Balaji, mantan karyawan OpenAI yang telah bekerja di OpenAI selama lebih dari empat tahun, meninggalkan perusahaan dengan alasan kekhawatiran bahwa raksasa AI tersebut telah menggunakan data berhak cipta tanpa izin yang sesuai.
Dalam sebuah wawancara dengan The New York Times, dia menjelaskan bagaimana sistem seperti GPT-4 belajar dengan membuat salinan lengkap dari data tempat mereka dilatih.
Setelah data direplikasi, perusahaan seperti OpenAI dapat melatih sistem untuk menghasilkan salinan yang sama atau keluaran yang benar-benar baru. Suchir Balaji adalah salah satu arsitek utama ChatGPT, salah satu teknologi paling inovatif di abad ke-21. (Tertaut)
Kenyataannya adalah perusahaan mengajarkan sistem untuk melakukan sesuatu di antara keduanya.
“Output yang dihasilkan tidak sama persis dengan input yang sudah ada, namun pada prinsipnya juga bukan hal baru,” kata Balaji.
Dia memperingatkan bahwa alat seperti ChatGPT dan chatbot serupa dapat menimbulkan risiko bagi pembuat konten, bisnis, dan layanan internet yang awalnya menghasilkan data yang digunakan untuk melatih bot AI.
Peringatan Suchir Balaji mencerminkan semakin banyak orang yang menggugat perusahaan AI, termasuk OpenAI, menuduh mereka menggunakan materi berhak cipta untuk pendidikan teknologi secara ilegal.
Ini termasuk pemrogram komputer, artis, label rekaman, penulis buku, dan media.
Suchir Balaji juga menunjukkan masalah yang lebih besar. Dia mengatakan teknologi AI semakin menggantikan layanan internet tradisional.
Teknik ini sering kali menghasilkan informasi palsu atau fiktif, sebuah fenomena yang oleh para peneliti disebut “halusinasi”. Menurutnya, Internet semakin buruk.
Namun OpenAI membantah klaimnya.
“Kami menggunakan data yang tersedia untuk umum untuk membangun model AI dengan cara yang dilindungi oleh penggunaan wajar dan kebijakan terkait serta didukung oleh preseden hukum yang sudah lama ada dan diterima secara luas.”
“Kami percaya prinsip-prinsip ini adil bagi para pencipta, penting bagi para inovator, dan penting bagi daya saing Amerika,” kata perusahaan itu dalam sebuah pernyataan.
Dalam postingan bulan Oktober, X Balaji menyatakan keprihatinannya tentang penggunaan materi berhak cipta oleh perusahaan AI generatif.

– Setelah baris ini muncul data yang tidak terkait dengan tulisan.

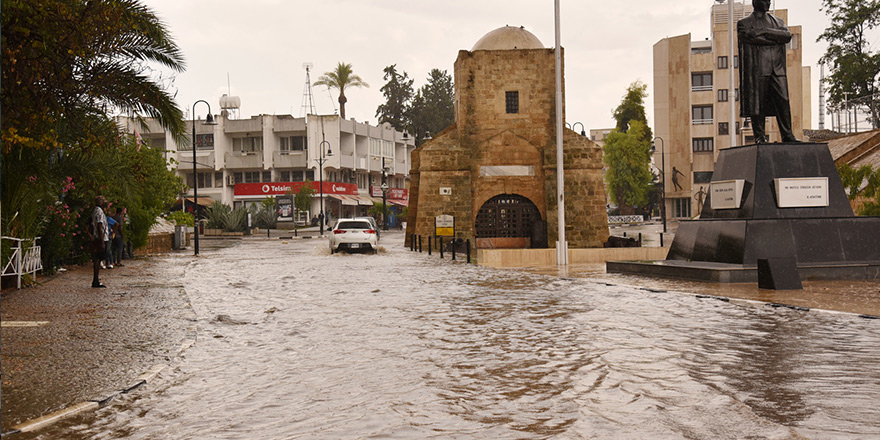 Yaz yağmuru etkili oldu... En çok yağış Gönendere'ye düştü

Dia menulis, “Awalnya, saya tidak tahu banyak tentang hak cipta, penggunaan wajar, dll., tapi saya menjadi penasaran setelah melihat semua tuntutan hukum yang diajukan terhadap GenAI.”
Saat Balaji menyelidiki masalah ini lebih lanjut, dia mencapai kesimpulan yang mengejutkan.
“Penggunaan wajar tampaknya tidak menjadi pembelaan bagi banyak produk AI generatif,” tambahnya.
Meskipun banyak mantan karyawan OpenAI yang menyuarakan keprihatinan tentang budaya keamanan startup, Balaji adalah salah satu dari sedikit yang secara langsung mempertanyakan data yang digunakan untuk melatih model.
Tweet terakhirnya dan postingan blog berikutnya mendapat perhatian baru setelah kematiannya, sehingga memicu seruan untuk peraturan yang lebih kuat dan transparansi yang lebih besar dalam industri kecerdasan buatan yang berkembang pesat.